= Beginning of Section =

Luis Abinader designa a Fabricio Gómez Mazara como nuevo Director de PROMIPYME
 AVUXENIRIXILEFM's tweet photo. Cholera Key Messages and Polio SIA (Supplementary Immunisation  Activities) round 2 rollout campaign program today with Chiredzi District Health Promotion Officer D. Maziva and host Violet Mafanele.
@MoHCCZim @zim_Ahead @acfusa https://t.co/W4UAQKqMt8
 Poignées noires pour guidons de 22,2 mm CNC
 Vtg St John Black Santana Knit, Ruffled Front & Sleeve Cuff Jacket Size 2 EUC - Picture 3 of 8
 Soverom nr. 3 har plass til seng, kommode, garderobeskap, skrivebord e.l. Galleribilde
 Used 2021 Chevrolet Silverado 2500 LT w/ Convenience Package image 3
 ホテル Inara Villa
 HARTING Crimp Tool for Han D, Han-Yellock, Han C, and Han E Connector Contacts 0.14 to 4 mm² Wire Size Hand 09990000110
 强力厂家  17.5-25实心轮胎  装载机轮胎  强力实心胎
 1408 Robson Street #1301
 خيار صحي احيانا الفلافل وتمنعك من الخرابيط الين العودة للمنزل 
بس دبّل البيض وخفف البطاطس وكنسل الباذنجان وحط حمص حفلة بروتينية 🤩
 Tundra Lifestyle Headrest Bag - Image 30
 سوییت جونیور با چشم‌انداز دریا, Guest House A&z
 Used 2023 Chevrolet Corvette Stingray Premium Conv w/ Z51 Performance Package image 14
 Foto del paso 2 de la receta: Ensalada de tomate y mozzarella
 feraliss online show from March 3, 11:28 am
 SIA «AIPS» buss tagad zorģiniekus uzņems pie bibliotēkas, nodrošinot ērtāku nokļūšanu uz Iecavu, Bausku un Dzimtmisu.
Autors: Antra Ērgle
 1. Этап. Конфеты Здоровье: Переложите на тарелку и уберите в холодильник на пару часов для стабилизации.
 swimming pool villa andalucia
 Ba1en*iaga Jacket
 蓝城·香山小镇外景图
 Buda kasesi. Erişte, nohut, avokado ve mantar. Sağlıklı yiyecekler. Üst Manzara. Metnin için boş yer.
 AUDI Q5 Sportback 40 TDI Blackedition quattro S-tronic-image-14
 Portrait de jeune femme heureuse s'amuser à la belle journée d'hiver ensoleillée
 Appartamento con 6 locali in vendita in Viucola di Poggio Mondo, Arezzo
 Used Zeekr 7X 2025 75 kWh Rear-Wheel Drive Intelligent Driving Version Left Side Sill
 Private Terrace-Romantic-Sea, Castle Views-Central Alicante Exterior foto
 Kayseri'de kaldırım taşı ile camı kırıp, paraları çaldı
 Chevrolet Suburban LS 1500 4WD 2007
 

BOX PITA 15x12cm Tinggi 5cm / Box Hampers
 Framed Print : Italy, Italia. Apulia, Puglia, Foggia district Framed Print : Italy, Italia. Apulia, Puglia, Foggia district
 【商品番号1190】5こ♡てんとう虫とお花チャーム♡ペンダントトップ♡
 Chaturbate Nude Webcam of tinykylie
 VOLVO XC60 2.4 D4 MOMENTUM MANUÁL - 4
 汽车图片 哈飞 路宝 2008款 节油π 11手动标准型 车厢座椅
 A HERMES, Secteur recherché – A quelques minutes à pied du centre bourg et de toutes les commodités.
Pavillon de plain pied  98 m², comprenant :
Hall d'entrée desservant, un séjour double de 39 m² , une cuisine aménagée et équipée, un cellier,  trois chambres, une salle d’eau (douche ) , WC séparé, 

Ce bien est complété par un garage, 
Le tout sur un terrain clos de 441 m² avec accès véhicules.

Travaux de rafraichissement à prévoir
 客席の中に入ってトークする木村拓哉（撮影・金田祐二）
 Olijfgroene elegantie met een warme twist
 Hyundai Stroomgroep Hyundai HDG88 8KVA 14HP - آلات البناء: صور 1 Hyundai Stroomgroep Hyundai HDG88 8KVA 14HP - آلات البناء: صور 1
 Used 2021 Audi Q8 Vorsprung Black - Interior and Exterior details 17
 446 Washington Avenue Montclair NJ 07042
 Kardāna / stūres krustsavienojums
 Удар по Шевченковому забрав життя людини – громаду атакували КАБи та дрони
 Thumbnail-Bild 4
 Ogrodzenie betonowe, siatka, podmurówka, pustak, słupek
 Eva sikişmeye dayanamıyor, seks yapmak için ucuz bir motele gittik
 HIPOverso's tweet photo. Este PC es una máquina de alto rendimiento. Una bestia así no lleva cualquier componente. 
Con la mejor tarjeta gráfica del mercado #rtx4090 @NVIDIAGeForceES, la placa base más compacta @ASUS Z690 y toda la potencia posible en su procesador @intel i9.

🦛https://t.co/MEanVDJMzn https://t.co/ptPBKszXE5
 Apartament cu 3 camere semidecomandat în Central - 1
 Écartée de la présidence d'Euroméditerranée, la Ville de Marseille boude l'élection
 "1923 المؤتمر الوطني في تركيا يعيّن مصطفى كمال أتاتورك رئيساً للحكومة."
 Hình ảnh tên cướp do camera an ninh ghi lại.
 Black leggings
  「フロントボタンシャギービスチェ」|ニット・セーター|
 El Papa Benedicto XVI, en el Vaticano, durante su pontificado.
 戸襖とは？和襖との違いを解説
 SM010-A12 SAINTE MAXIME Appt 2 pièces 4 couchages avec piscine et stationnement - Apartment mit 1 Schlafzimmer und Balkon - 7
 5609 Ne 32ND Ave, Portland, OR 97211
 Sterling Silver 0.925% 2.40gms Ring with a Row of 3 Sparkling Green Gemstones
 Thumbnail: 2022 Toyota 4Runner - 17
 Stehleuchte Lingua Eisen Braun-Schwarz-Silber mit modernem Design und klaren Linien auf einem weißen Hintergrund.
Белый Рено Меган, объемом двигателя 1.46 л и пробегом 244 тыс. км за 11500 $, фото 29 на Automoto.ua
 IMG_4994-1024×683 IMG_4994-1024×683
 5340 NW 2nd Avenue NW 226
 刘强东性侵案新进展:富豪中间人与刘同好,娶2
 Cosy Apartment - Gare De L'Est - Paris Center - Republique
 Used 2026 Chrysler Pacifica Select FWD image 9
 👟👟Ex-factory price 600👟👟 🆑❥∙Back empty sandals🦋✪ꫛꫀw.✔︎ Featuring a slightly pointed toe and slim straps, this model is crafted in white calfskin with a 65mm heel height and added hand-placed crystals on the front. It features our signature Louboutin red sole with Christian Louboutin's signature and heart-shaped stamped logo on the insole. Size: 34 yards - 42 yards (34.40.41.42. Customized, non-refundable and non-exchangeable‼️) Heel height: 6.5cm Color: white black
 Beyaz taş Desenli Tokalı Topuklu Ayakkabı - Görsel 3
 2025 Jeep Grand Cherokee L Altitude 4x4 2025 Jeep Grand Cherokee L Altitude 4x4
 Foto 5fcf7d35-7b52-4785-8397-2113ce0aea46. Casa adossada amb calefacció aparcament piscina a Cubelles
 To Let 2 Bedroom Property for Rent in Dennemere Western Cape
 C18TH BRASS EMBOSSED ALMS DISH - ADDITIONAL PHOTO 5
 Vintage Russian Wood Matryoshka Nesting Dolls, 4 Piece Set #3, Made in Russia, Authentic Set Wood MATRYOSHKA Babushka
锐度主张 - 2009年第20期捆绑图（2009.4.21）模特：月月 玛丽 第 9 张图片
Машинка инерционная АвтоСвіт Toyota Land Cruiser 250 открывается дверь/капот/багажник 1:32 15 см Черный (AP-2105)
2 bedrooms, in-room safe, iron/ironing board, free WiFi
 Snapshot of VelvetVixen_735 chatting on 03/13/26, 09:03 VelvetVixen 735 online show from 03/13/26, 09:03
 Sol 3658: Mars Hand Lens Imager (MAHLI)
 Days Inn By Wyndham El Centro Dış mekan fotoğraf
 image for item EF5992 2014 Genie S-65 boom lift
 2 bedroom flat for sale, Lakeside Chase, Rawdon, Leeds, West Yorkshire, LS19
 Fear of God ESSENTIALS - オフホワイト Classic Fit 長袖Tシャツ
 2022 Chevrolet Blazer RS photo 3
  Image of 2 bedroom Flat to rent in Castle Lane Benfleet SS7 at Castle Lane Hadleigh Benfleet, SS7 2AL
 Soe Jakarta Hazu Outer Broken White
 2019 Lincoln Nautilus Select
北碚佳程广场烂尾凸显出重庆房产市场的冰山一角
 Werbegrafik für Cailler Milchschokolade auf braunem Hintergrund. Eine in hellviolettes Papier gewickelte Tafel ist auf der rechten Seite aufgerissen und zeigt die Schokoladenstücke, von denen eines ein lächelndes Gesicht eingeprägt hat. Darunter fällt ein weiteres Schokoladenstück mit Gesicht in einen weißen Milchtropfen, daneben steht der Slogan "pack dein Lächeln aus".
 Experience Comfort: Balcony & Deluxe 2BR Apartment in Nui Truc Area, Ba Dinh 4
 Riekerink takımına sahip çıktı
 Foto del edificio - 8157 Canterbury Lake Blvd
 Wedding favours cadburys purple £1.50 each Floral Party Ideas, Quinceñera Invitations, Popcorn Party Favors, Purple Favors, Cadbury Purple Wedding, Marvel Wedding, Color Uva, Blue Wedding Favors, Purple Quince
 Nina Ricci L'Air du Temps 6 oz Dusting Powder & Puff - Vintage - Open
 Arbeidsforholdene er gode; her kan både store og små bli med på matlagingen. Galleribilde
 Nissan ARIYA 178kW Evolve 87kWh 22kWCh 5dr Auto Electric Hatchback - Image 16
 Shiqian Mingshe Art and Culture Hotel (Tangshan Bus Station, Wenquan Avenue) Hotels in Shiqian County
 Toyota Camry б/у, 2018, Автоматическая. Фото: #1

= End of Section =

§ WHAT IS EXPECTED: From the line containing "Thumbnail-Bild 4" down to the line containing "Sterling Silver 0.925%" in the material above, reproduce every line exactly, including the two end lines.

§ COMPLETED EXERCISE:
 Thumbnail-Bild 4
 Ogrodzenie betonowe, siatka, podmurówka, pustak, słupek
 Eva sikişmeye dayanamıyor, seks yapmak için ucuz bir motele gittik
 HIPOverso's tweet photo. Este PC es una máquina de alto rendimiento. Una bestia así no lleva cualquier componente. 
Con la mejor tarjeta gráfica del mercado #rtx4090 @NVIDIAGeForceES, la placa base más compacta @ASUS Z690 y toda la potencia posible en su procesador @intel i9.

🦛https://t.co/MEanVDJMzn https://t.co/ptPBKszXE5
 Apartament cu 3 camere semidecomandat în Central - 1
 Écartée de la présidence d'Euroméditerranée, la Ville de Marseille boude l'élection
 "1923 المؤتمر الوطني في تركيا يعيّن مصطفى كمال أتاتورك رئيساً للحكومة."
 Hình ảnh tên cướp do camera an ninh ghi lại.
 Black leggings
  「フロントボタンシャギービスチェ」|ニット・セーター|
 El Papa Benedicto XVI, en el Vaticano, durante su pontificado.
 戸襖とは？和襖との違いを解説
 SM010-A12 SAINTE MAXIME Appt 2 pièces 4 couchages avec piscine et stationnement - Apartment mit 1 Schlafzimmer und Balkon - 7
 5609 Ne 32ND Ave, Portland, OR 97211
 Sterling Silver 0.925% 2.40gms Ring with a Row of 3 Sparkling Green Gemstones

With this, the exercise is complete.